Today a small band of hard working women descended on Froggwell to take on the task of hanging paintings, placing sculptures, and compiling the documentation for putting on this exhibition.
It is not unlike herding cats to prepare for a group show of artists from across the country.
Creating an art show is a group effort, with creative input on numerous fronts. Each year as I prepare for this show, my mind reels: “What was I thinking? This is exhausting…we’ll never get everything done in time and nothing will look good together…” And then, all the work is on the wall and It. Looks. Magnificent. Breathtaking even.
But before the glory, chaos reigns. Here are a few pictures of the work in progress….

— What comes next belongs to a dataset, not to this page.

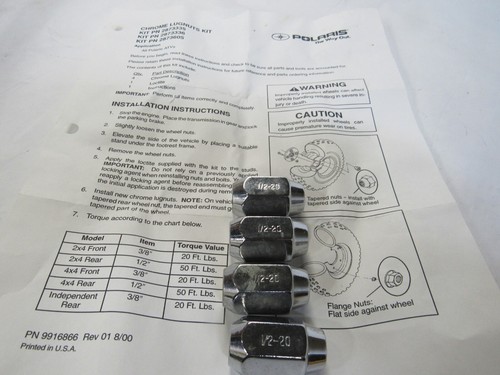 Polaris atv 2873335 chrome - atv, lug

Tune in tomorrow, for photos of the installed show, but right now, here are several more offerings of some of the wonderful paintings by our wonderful artists:
Here’s what Gail had to say about this painting:
Here’s my story and I’m sticking to it…
In 1916, Charles Burchfield was completing his final year at the Cleveland School of Art when he painted “Poplars in May.” His reputation as a landscape painter and watercolorist was growing. It didn’t take long to find a buyer for this painting when it was first exhibited. After the sale, many people came up to Mr. Burchfield and said to him if only that painting hadn’t sold… So, not one to miss an opportunity, he painted another one just like it and titled it “Between Two Poplars.” After contacting everyone who had expressed an interest in the first painting, he had no buyers for the second one! He put it in storage until a great grand-daughter recently discovered it under a bed in her grandmother’s house. She most graciously sent Charles Burchfield’s forgery of his own work to be included in the 2013 Exhibition of Forgeries at Froggwell. For more information about Charles Burchfield go to The Burchfield Penney Art Center in Buffalo NY, www.burchfieldpenney.org
Another of my favorite Italian painters is Caravaggio, and it just so happens that one turned up for the show!
We are so fortunate that art historian Rene Flynn-Federspiel shared this painting and the story with us:
“Before Jerome Became a Saint” by Caravaggio
In this study, dated from 1600, for his painting of St Jerome, doctor of the Church and renowned bossypants, Caravaggio uses as model his memory of his father, Fermo, who died of the plague when the artist was 6. Fermo was a “magister”, a vague term that indicated various activities, from artist to master builder to herbalist and pothead, as we see here. This study is one of several works left behind in the artist’s Roman studio in 1606 when he had to flee to avoid a prison sentence resulting from an incident in which he caused grievous bodily harm to a fellow Roman by striking him with a plate (presumably large) of artichokes. This painting, in exceptional condition, was hidden among many valuable but embarassing works of art in the Vatican collection until it was presented in 1985 by the Pope to Sister Wendy Beckett* to thank her for her discretion in several unfortunate examples of human failing involving the Church hierarchy. It came to light again only in recent times when Sister Wendy was moved from her Caravan to a Mobile Home on the grounds of a Carmelite Monastery in Fordham, England. She had been using the painting as a temporary window blind in the small WC portion of her Caravan. We are so grateful to her for maintaining it in such wonderful condition and allowing us to exhibit it here at the Froggwell Cultural Institute, on South Whidbey Island, it’s spiritual home.
Thank you Rene and Gail for these very…um…interesting glimpses into the lives of renowned artists.